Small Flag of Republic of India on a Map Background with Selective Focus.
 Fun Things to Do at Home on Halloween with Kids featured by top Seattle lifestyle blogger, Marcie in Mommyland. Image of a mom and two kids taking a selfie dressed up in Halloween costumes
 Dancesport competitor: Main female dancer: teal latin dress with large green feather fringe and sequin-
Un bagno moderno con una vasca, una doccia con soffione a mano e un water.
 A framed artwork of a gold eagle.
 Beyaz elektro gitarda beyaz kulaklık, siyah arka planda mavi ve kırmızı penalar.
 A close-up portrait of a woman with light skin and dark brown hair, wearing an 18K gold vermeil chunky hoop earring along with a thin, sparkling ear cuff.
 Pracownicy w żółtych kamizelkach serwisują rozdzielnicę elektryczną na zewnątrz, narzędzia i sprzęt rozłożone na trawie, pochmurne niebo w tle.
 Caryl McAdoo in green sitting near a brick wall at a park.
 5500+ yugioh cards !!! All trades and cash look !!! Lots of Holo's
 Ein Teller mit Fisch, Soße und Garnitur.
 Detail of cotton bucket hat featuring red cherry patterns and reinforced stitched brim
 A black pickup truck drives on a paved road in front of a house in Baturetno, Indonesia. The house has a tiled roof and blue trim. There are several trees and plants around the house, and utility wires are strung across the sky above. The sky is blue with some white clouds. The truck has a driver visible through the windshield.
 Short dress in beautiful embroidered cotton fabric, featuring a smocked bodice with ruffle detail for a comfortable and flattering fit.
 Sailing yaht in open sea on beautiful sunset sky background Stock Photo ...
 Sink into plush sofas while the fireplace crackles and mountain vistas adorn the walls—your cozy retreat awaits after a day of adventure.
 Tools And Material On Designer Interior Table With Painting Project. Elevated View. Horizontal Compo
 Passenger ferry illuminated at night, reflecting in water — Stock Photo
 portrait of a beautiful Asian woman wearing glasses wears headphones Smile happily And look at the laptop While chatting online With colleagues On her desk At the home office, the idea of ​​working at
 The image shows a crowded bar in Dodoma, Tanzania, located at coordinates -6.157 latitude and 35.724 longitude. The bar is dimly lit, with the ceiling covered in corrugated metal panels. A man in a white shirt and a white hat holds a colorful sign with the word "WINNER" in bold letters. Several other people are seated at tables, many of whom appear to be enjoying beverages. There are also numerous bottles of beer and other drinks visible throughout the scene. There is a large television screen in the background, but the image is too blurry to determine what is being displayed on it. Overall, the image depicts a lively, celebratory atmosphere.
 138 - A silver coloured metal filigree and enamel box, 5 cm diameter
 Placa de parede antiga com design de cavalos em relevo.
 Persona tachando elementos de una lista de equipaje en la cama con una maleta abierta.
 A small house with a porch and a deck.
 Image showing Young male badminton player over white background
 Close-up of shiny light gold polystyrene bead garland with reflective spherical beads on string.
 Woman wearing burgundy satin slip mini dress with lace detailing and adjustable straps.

+-------+

What the task asks :: From the top of the listing above, restate each line word for word up to and including the line with "Beyaz elektro gitarda"; add nothing else.

Completed exercise ::
Small Flag of Republic of India on a Map Background with Selective Focus.
 Fun Things to Do at Home on Halloween with Kids featured by top Seattle lifestyle blogger, Marcie in Mommyland. Image of a mom and two kids taking a selfie dressed up in Halloween costumes
 Dancesport competitor: Main female dancer: teal latin dress with large green feather fringe and sequin-
Un bagno moderno con una vasca, una doccia con soffione a mano e un water.
 A framed artwork of a gold eagle.
 Beyaz elektro gitarda beyaz kulaklık, siyah arka planda mavi ve kırmızı penalar.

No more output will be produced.